In search of a title

Wednesday, October 6, 2010

What do you do when the very perfect title you'd picked out for your new book is—uncomfortably, sadly, a fact discovered late in the game—a title David Foster Wallace used for a short story a few years back?  What do you do when nothing else seems to fit?

You find a quiet place in which to think, for one thing.

And you call your son, a genius at titles, among other things, who, years ago, when a certain untitled book was a day away from final catalog copy, called out to you, from where he was writing,

But Mom, he said, isn't that book (a memoir about marriage to a Salvadoran man) about how there is still love in strange places?

Still Love in Strange Places?
you said. 

Yeah, he said.  Something like that.

Two minutes later you were on the phone with Alane Mason, your W.W. Norton editor.  We have a title, you told her.  She didn't skip a beat.  She agreed.

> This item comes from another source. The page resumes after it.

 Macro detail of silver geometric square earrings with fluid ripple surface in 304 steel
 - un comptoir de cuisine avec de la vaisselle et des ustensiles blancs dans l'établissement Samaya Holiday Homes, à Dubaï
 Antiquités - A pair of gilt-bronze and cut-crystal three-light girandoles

Late last night, you called your son.

I need another miracle, you said.

Give me a day or two, he told you.

5 comments:

Sarah Laurence said...

My writing crit. partner Charlotte Agell had the same problem even worse. Close to publication, they learned there was a second YA Shift coming out at the same time – hers was about a polar shift and the other was about biking. We brainstormed new titles, but she went with Shift, despite the confusion.

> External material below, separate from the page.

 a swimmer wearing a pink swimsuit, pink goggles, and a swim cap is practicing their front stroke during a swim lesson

Your title sounds like a common saying so maybe it’s okay to use it twice. I enjoyed reading the lyrical excerpt below. Good luck!

Holly said...

ahhh! I always thought it was still love like still water.

Anonymous said...

It'll come and I am looking forward to hearing it when it does.

holly cupala said...

I'm in the very same spot right now, Beth! Perhaps we could take your son out for dinner and put his titling skills to work?